FROM ENGLISH HISTORY.

PART I

I.

THE EARLY ENGLISHMEN.

GREEN.

[Britain, or the island in which we live, was first made known to the civilized world by a Roman General, Julius Cæsar, in the year 55 before the birth of Christ. Cæsar had conquered Gaul, a country which included our present France and Belgium, and brought it under the rule of Rome; but in the course of his conquest he learned that to the west of Gaul lay an island named Britain, whose peoples were mainly of the same race with the Gauls and gave them help in their struggles against the Roman armies. He resolved therefore to invade Britain; and in two successive descents he landed on its shores, defeated the Britons, and penetrated at last beyond the Thames. No event in history is more memorable than this landing of Cæsar. In it the greatest man of the Roman race made known to the world a land whose people in the after-time were to recall, both in their temper and in the breadth of their rule, the temper and empire of Rome. Cæsar however was recalled from Britain by risings in Gaul; and for a hundred years more the island remained unconquered. It was not till the time of the Emperor

Claudius that its conquest was again undertaken; and a war which only ended under the Emperor Domitian at last brought all the southern part of the island under the rule of Rome. Britain remained a province of the Roman Empire for more than three hundred years. During this time its tribes were reduced to order, the land was civilized, towns were built, roads made from one end of the island to the other, mines were opened, and London grew into one of the great ports of the world. But much oppression was mingled with this work of progress, and throughout these centuries the province was wasted from time to time by inroads of the unconquered Britons of the north, whose attacks grew more formidable as Rome grew weaker in her struggle against the barbarians who beset her on every border. At last the Empire was forced to withdraw its troops from Britain, and to leave the province to defend itself against its foes. To aid in doing this, the Britons called in bands of soldiers from northern Germany, who gradually grew into a host of invaders, and became in turn a danger to the island. These were our forefathers, the first Englishmen who set foot in Britain.]

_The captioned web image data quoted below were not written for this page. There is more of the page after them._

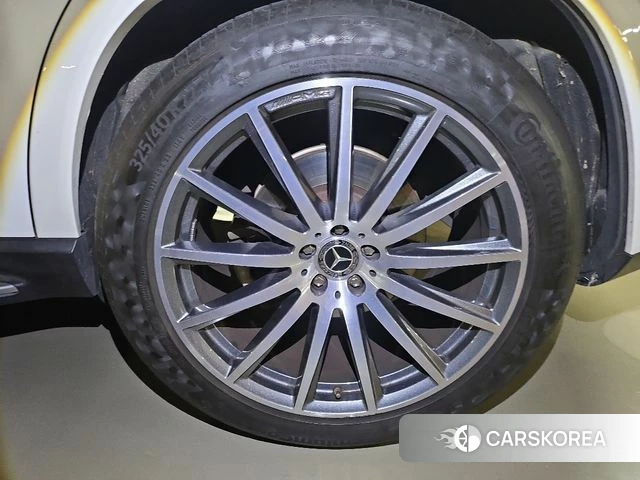 Mercedes-Benz GLE-Class W167 2020 Белый из Кореи, фото 2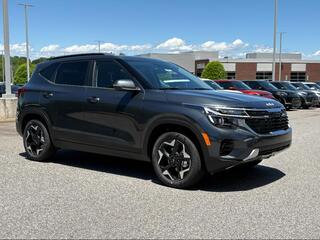 2025 Kia Seltos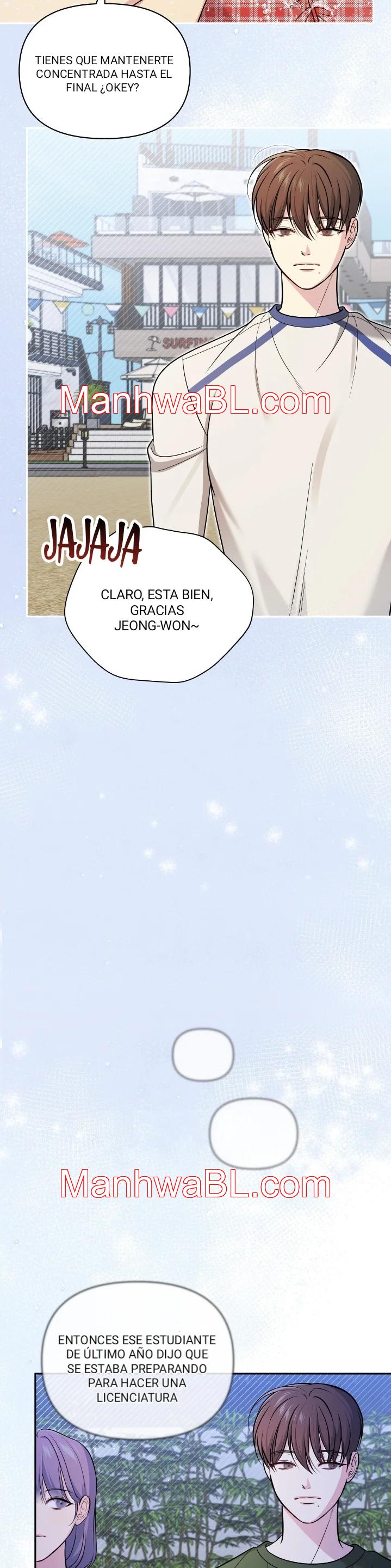 Secret Love Affair - Capítulo 18.2 manhwa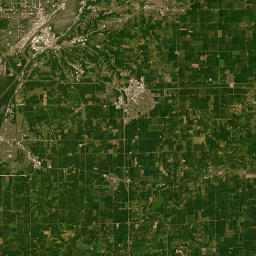 726-798 Mariners Way East Peoria IL Satellite Map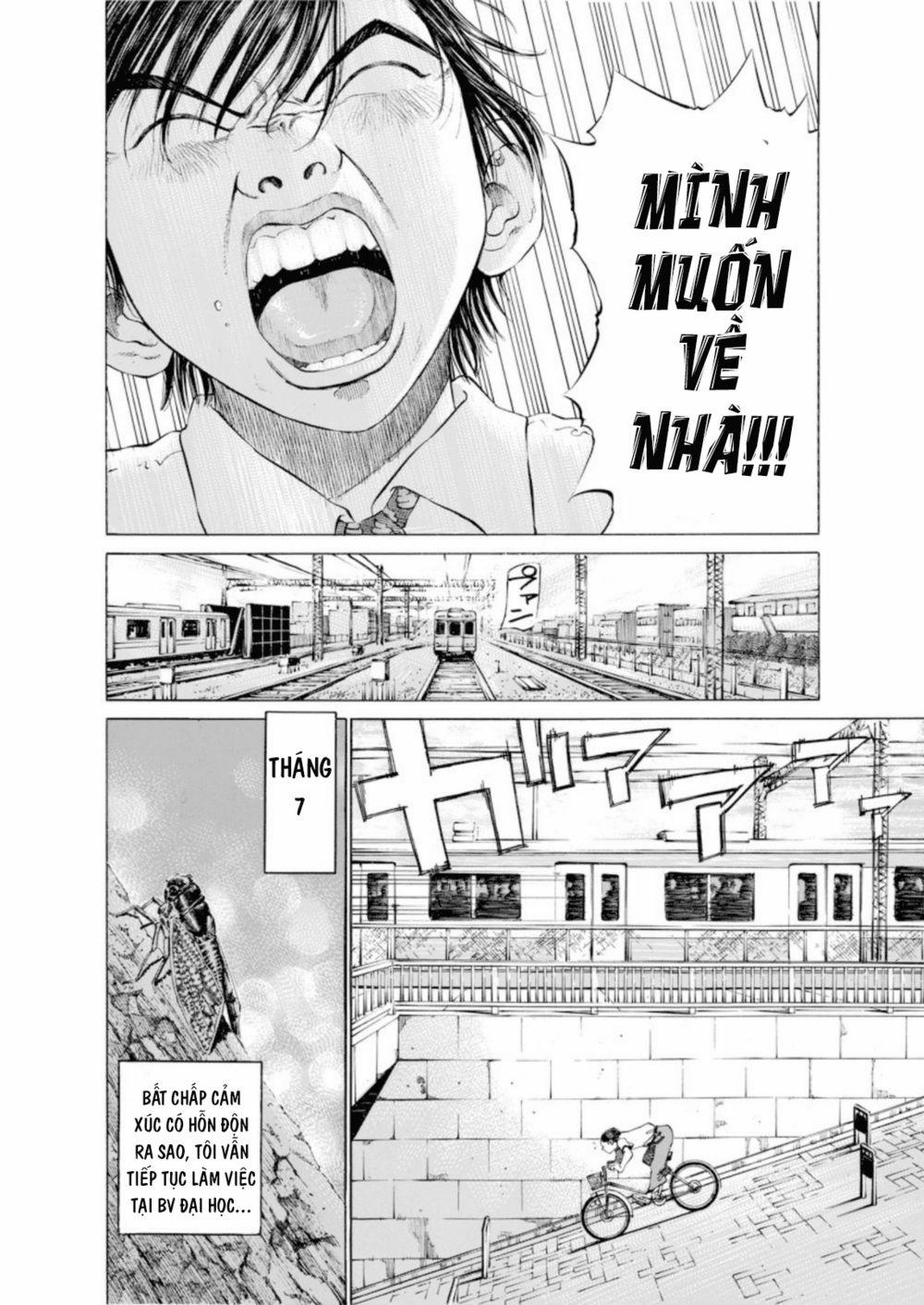 Give My Regards To Black Jack 2 trang 4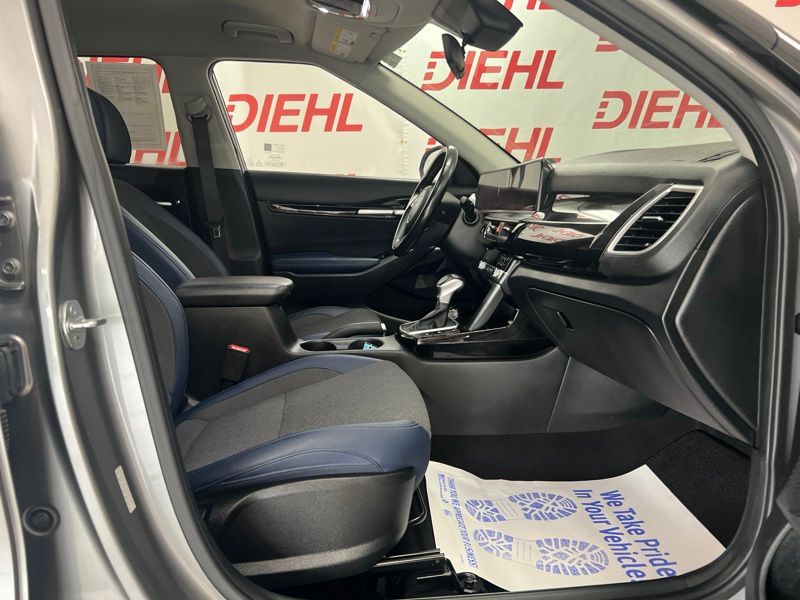 Used 2024 Kia Seltos SUV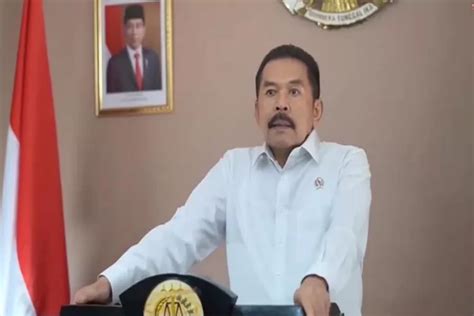 Membuka Musrenbang Kejaksaan RI Tahun 2022 Burhanuddin Ini Sisi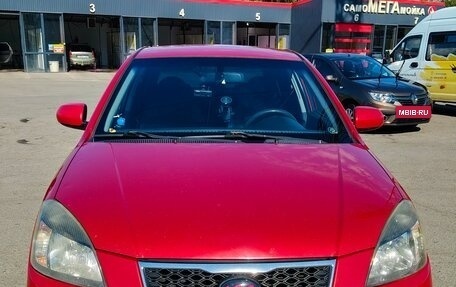 KIA Rio II, 2010 год, 530 000 рублей, 16 фотография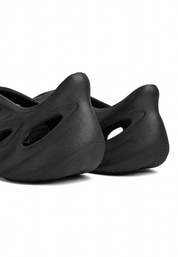 Sandalia Unisex Tellenzi Negro 8410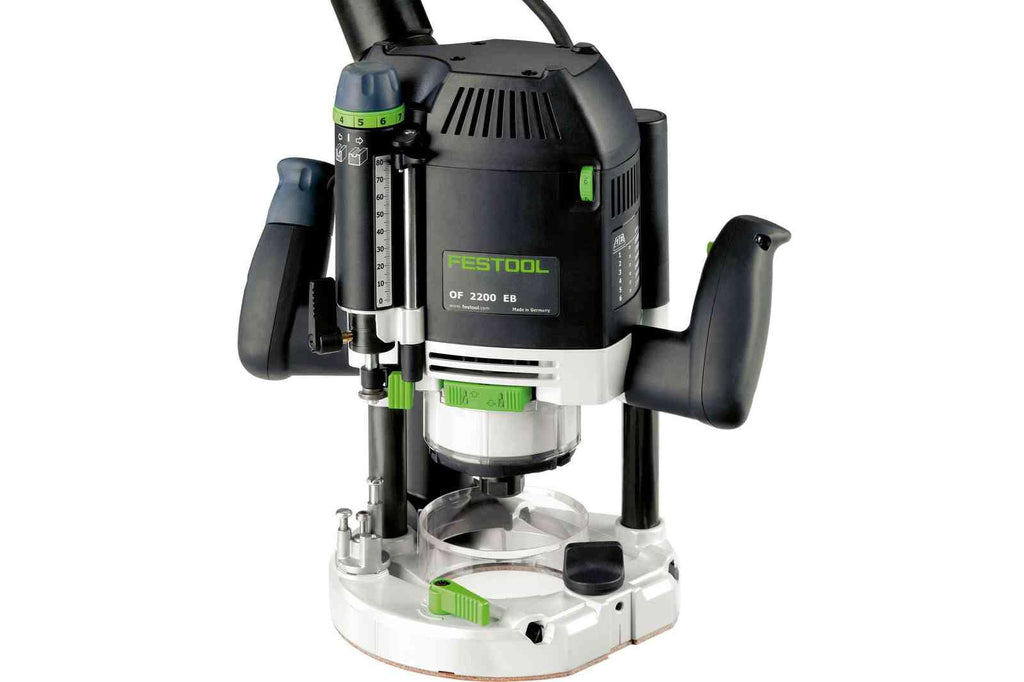 Festool Router OF 2200 EB-F-Plus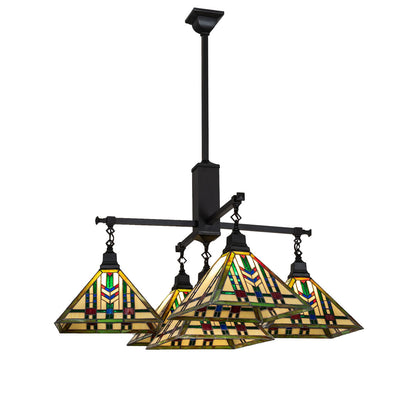 Automn 5 - Light Chandelier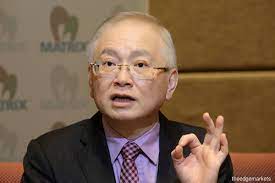 Dr wee's facebook post mainly talks about the cabotage and the shipping industry but he didn't address the elephant in the room, which is submarine cable investments into the country. Lrt Incident Three Critically Injured Victims Recovering Well Says Wee The Edge Markets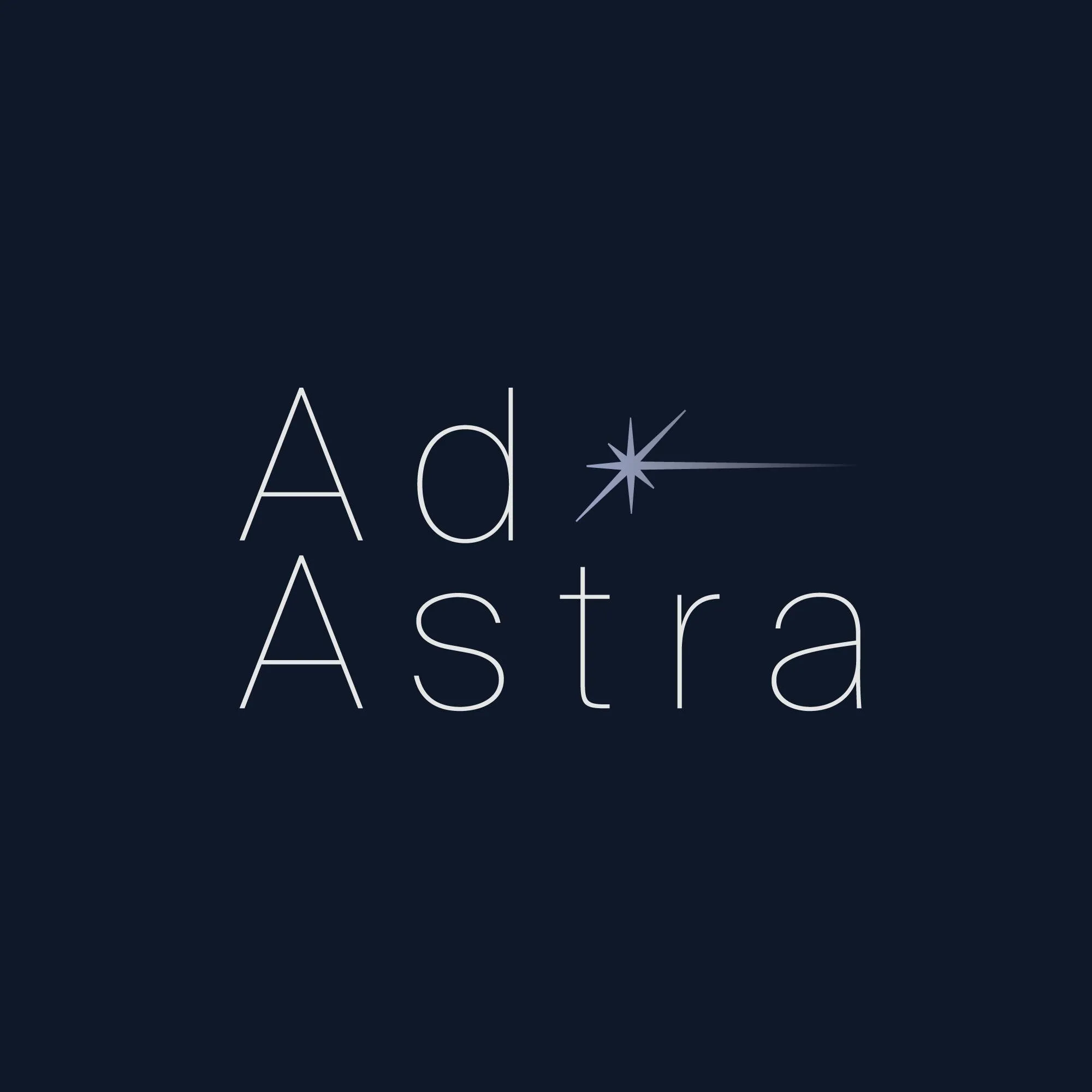 Ad Astra Communications Logo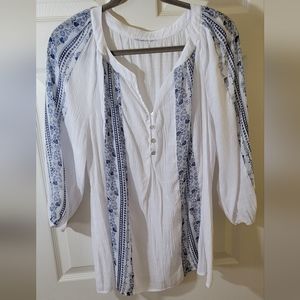 Boho blouse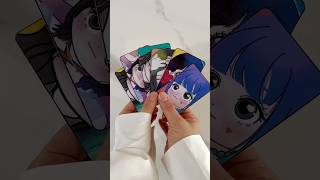 diy IVE photocard ❤️아이브 스위치 수제포카 3탄 내가 제일 마음에 드는 컨셉👍#diy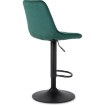 Mebel Elite Стул Arcos 2, зеленый, велюровый, ME.ARCOS2/Z/V/H - Home Club, изображение 9
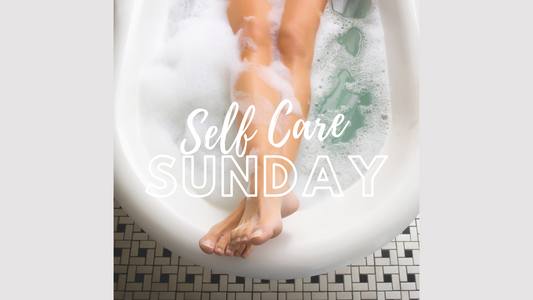 Soak, Relax, Renew!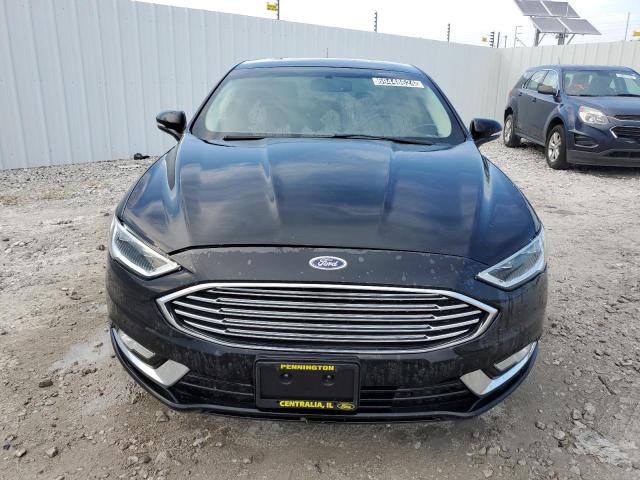 Photo 4 VIN: 3FA6P0RU6HR233801 - FORD FUSION TIT 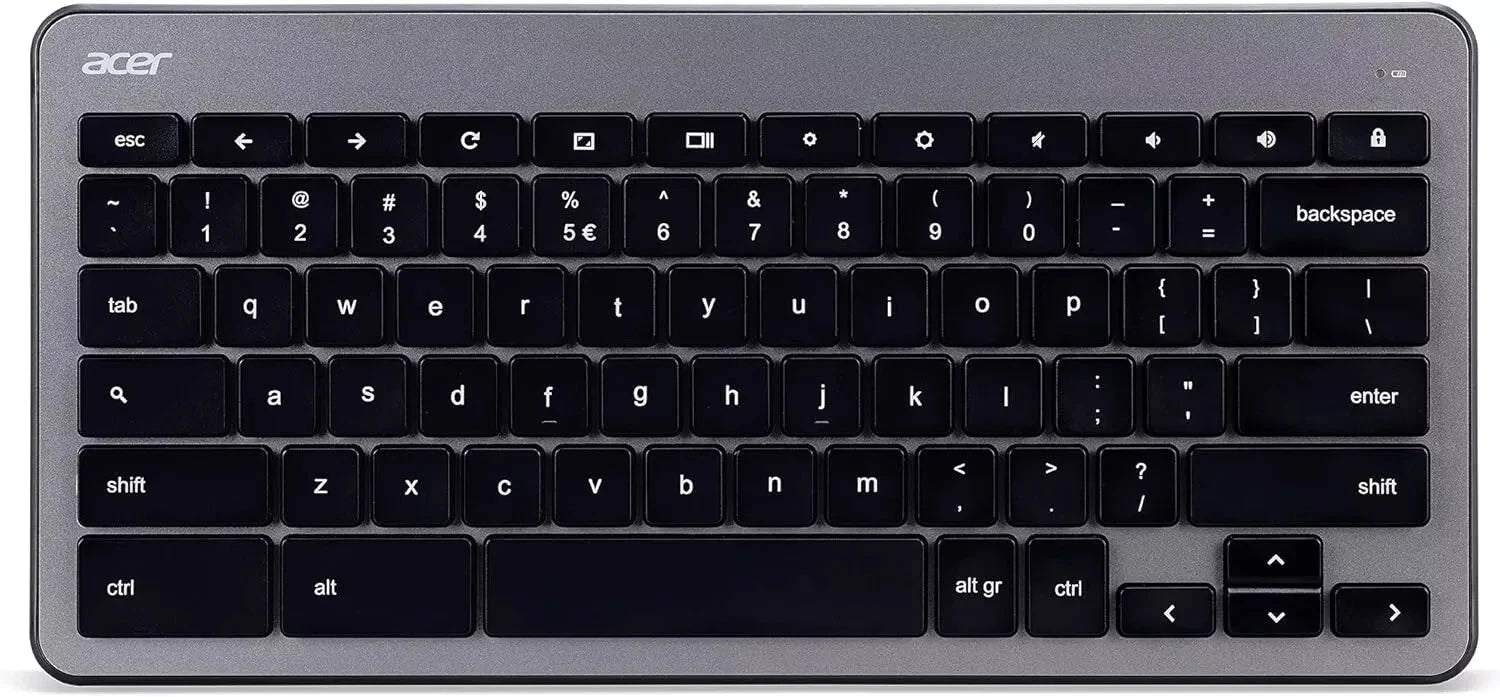 Acer Wireless Keyboard & Mouse Bundle ''US LAYOUT'' image 1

FOR the fatherland of the English race we must look far away from England itself. In the fifth century after the birth of Christ the one country which we know to have borne the name of Angeln or England lay within the district which is now called Sleswick, a district in the heart of the peninsula that parts the Baltic from the northern seas.1 Its pleasant pastures, its black-timbered homesteads, its prim little townships looking down on inlets of purple water, were then but a wild waste of heather and sand, girt along the coast with a sunless woodland broken here and there by meadows that crept down to the marshes and the sea. The dwellers in this district however seem to have been merely an outlying fragment of what was called the

The peninsula of Sleswick-Holstein and of Jutland.